Children have been know to drink kerosene or gasoline, or sometimes they just cough and inhale the liquid and succumb to what is called “liquid pneumonia.” Highly corrosive substances that are used to unplug clogged drains can cause severe damage to the esophagus and stomach, and may severely damage, if not kill, a child. Alcohol—especially methylated spirits—can cause blindness, and carbon tetrachloride causes acute liver necrosis.
If a person swallows something poisonous, it’s vital to call a local medical emergency number immediately. Make sure you can give the person’s age, the name of the substance ingested, how much was taken, when it was swallowed, whether the person has vomited, and how long it will take to get to the nearest medical facility.
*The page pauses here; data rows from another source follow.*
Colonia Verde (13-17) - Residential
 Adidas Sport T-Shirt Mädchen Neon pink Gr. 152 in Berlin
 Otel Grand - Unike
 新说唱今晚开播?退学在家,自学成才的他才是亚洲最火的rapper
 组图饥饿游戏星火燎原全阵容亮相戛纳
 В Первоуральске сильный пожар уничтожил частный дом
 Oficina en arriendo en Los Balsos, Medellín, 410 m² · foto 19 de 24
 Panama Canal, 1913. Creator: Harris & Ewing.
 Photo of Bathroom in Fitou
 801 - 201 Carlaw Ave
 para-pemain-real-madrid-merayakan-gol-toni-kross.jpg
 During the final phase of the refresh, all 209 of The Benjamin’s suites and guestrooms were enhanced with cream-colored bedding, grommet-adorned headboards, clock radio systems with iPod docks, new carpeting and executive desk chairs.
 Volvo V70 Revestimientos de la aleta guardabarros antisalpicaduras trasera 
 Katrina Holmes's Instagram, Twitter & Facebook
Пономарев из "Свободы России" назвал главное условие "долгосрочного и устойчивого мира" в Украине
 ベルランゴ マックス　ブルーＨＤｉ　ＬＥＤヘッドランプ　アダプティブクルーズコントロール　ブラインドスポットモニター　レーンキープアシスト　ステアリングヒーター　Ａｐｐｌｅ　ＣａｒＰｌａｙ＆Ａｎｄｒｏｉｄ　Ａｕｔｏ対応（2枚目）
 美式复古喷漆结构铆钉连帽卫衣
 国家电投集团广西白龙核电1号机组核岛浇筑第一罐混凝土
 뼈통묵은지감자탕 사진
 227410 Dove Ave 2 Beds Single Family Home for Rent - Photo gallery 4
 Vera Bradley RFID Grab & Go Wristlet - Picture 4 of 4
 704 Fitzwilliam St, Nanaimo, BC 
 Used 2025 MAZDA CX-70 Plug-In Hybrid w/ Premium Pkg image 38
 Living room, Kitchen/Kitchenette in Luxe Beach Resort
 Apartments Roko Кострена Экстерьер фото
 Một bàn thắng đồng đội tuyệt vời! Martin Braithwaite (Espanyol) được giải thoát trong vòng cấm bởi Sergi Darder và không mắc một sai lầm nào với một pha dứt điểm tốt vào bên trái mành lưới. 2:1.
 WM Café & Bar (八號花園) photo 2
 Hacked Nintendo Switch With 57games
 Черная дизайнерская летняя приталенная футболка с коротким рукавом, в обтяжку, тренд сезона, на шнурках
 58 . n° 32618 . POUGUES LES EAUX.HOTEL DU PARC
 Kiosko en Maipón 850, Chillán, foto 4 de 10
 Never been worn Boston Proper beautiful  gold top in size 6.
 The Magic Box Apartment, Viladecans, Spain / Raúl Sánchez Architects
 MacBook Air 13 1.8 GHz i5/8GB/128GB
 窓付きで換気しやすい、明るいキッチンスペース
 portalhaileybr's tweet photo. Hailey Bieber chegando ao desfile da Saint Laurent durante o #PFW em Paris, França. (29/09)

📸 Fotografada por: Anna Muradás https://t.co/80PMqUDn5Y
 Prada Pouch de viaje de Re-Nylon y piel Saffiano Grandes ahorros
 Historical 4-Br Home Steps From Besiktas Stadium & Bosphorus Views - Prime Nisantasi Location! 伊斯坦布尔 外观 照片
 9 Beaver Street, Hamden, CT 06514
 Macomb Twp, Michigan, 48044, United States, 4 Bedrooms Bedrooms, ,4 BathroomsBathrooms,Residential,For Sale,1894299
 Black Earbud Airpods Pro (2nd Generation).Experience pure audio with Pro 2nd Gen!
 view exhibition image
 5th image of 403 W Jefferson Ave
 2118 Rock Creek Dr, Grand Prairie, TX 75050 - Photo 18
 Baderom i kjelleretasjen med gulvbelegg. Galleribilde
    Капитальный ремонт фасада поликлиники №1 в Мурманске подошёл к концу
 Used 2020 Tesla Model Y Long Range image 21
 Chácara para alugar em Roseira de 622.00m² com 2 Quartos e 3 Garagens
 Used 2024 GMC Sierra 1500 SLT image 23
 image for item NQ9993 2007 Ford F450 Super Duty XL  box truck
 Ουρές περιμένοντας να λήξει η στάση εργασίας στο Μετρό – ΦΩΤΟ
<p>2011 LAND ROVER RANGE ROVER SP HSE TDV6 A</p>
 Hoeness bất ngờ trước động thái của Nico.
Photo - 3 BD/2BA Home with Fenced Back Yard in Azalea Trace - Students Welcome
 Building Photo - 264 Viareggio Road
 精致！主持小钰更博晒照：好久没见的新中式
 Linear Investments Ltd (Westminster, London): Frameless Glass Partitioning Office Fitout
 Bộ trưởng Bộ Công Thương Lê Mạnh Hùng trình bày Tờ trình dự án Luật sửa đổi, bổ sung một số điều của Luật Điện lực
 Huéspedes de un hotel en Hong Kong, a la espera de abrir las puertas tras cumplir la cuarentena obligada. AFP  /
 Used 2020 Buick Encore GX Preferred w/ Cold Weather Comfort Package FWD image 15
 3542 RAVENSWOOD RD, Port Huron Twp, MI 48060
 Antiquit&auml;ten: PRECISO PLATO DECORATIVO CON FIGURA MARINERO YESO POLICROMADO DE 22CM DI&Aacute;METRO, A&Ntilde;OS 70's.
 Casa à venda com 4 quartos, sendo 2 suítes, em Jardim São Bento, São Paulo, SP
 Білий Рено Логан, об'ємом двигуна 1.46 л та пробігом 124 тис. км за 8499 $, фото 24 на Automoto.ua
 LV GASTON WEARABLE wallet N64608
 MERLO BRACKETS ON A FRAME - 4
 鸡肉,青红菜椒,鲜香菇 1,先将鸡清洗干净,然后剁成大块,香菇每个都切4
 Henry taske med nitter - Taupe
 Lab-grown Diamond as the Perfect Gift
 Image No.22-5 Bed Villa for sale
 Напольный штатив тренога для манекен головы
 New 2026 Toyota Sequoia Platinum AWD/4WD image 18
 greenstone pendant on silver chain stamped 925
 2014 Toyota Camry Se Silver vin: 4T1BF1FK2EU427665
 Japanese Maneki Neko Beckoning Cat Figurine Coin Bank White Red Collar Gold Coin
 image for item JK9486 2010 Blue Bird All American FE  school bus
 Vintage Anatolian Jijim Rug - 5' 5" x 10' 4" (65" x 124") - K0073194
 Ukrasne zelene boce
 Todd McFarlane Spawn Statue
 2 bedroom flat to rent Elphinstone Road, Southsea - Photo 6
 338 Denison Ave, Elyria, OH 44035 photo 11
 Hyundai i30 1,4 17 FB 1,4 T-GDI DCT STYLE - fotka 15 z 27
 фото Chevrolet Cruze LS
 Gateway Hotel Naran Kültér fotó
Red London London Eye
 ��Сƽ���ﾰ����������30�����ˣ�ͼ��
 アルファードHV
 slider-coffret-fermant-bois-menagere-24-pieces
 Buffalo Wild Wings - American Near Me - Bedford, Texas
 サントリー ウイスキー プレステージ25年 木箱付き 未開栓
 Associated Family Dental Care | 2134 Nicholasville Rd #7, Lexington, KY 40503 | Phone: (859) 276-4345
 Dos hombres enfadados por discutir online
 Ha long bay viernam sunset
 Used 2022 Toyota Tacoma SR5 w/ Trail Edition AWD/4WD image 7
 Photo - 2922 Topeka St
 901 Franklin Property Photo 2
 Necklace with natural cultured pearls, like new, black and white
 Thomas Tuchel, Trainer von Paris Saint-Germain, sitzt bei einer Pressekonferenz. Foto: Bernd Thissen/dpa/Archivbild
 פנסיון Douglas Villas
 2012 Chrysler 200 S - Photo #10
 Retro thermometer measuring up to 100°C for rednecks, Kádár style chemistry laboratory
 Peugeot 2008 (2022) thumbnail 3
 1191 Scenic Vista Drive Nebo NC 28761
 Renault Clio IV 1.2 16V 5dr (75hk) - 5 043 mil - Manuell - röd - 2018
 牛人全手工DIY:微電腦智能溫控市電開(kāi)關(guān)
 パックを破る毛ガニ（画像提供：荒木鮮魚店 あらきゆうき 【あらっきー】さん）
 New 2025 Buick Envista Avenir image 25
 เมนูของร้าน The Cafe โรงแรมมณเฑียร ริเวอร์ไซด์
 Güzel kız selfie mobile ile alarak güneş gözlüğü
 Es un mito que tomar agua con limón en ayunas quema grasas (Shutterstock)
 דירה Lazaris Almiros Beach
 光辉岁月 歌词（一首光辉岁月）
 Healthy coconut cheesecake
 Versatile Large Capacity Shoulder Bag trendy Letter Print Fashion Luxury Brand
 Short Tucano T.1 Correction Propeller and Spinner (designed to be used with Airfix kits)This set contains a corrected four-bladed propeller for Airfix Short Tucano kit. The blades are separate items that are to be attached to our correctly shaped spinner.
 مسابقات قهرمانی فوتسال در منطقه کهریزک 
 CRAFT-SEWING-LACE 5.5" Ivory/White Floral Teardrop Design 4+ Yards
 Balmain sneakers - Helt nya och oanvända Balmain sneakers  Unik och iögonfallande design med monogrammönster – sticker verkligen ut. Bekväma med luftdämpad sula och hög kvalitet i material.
In the United States a call to 1-800-222-1222 will reach the regional poison control center; a call to 9-1-1 will connect you to emergency services. Be aware of your region’s poison control center, and keep contact information readily available. Follow the instructions of the poison control center. They have much more precise information at their fingertips than does the average family doctor.
Inducing of vomiting should be done only on medical advice, because some substances—such as gasoline or kerosene—may be dangerous when vomited. Never induce vomiting in an unconscious patient. If a person stops breathing, maintain an open airway and breathe for them with artificial respiration. Take the poison container and any vomitus to the hospital.
Keep poisoned persons with their head down, lying on their left side, while transporting to the hospital, so as to avoid inhalation of any vomitus.
Poison-proofing the house is necessary when there are small children who either live in or visit the home. Closets should be fitted with childproof latches or locks. Dangerous substances must be stored out of the reach of toddlers. This means a serious reappraisal of substances kept beneath the sink, such as chlorine bleach, dishwasher detergents, rust remover, strong acids, and alkali. The medicine cabinet should be high and locked.
The garage is another dangerous area for the storage of substances such as gasoline, paint thinner, and charcoal lighter fluid. Never place poisons in bottles that have held fruit drinks or soda, as children may easily confuse them with the real thing.
Being extremely careful with anything that can cause harm to children is the key to prevention.